Task requirements: In the records below, find the line containing "Tylar Plafondlamp, Plafondspot" and the line containing "Photo of property"; please repeat exactly the lines from one to the other, both included, and nothing more.

Dataset content:
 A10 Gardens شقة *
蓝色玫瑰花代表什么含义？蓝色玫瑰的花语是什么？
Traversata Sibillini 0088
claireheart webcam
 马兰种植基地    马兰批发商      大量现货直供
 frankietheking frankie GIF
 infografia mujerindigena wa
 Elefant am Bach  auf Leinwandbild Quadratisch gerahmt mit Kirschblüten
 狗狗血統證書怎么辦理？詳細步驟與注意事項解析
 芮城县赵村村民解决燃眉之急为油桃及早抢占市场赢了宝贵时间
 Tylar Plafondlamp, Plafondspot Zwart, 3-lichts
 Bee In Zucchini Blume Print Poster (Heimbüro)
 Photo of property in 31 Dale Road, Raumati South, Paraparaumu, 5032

* * *

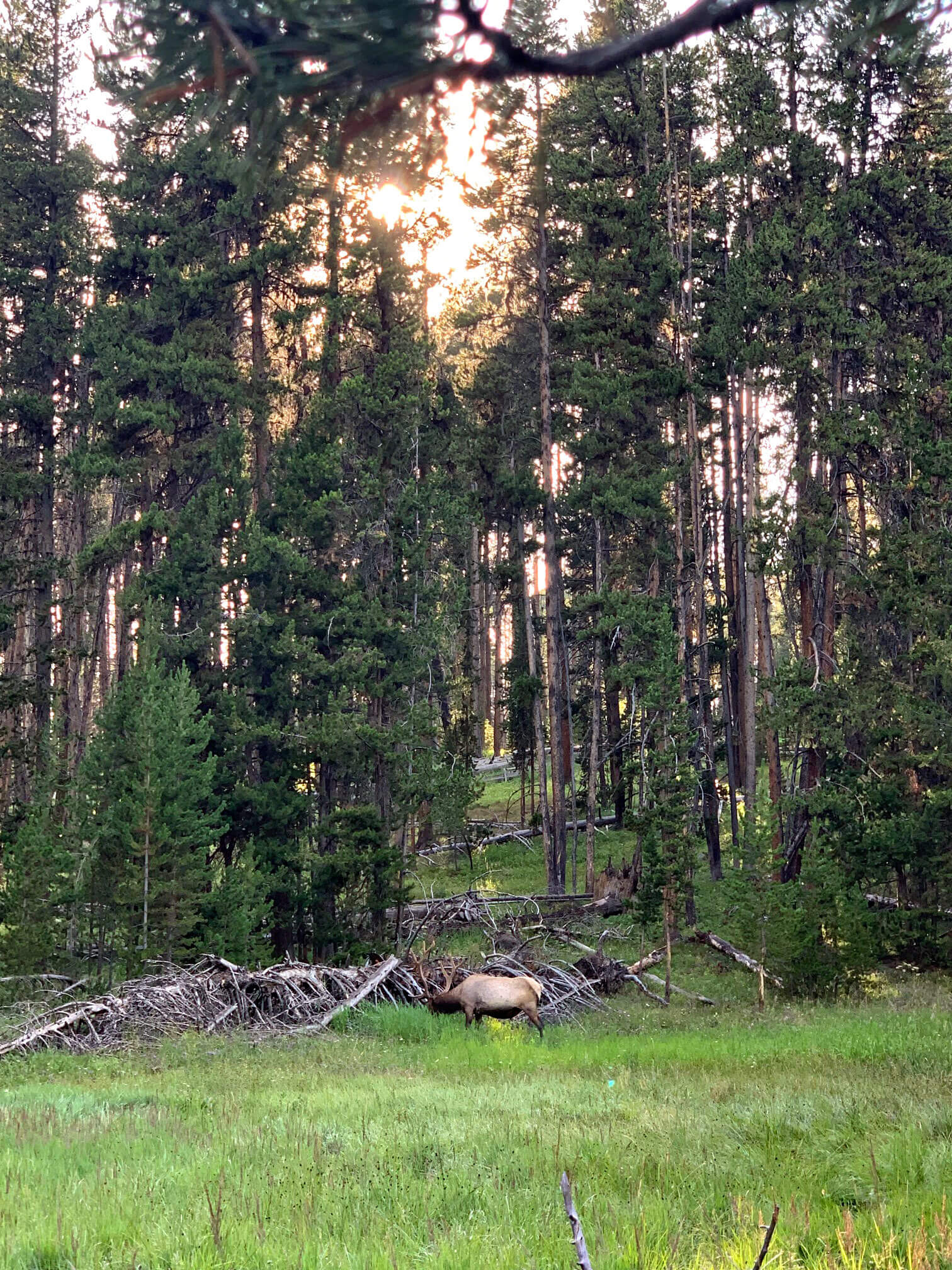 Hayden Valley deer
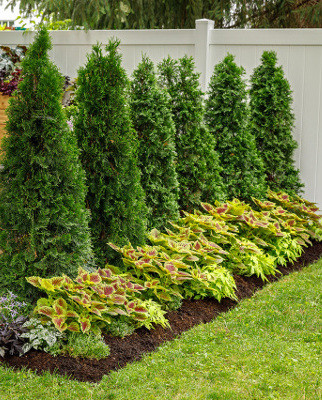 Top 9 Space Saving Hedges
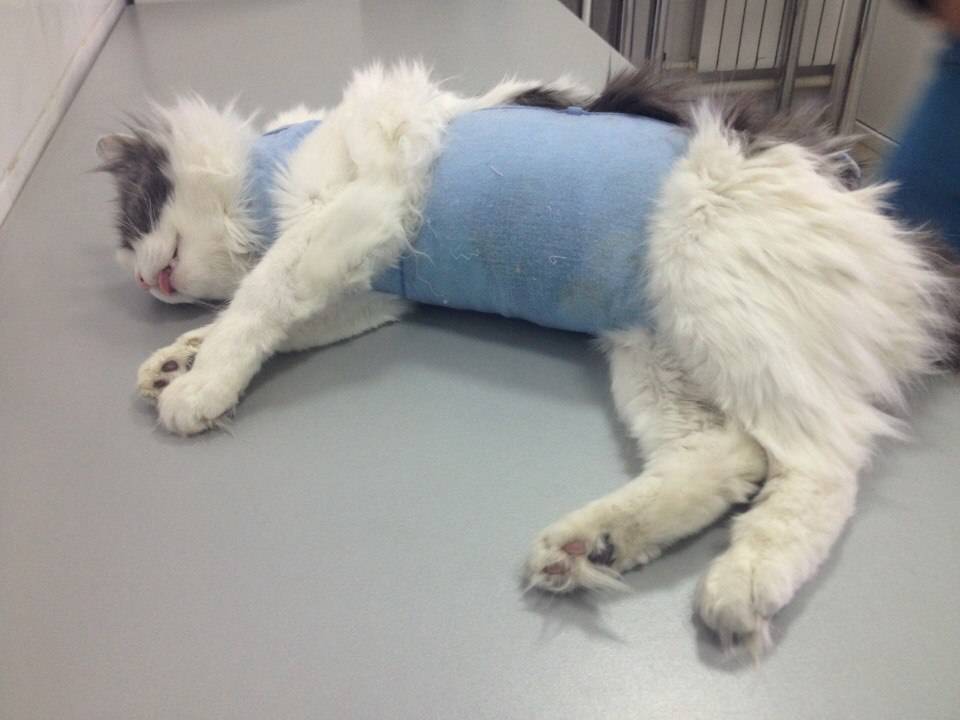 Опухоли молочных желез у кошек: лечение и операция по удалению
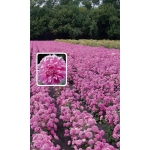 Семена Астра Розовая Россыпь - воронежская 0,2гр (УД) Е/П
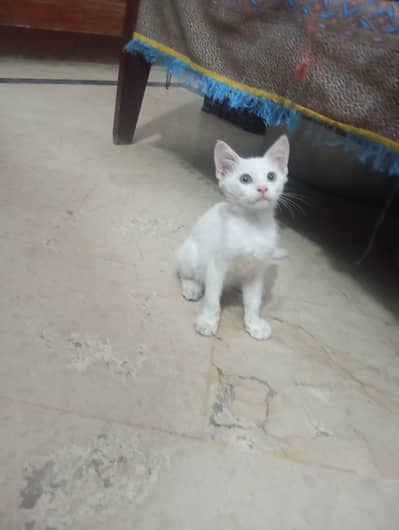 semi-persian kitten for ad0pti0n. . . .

Result of the task:
 Tylar Plafondlamp, Plafondspot Zwart, 3-lichts
 Bee In Zucchini Blume Print Poster (Heimbüro)
 Photo of property in 31 Dale Road, Raumati South, Paraparaumu, 5032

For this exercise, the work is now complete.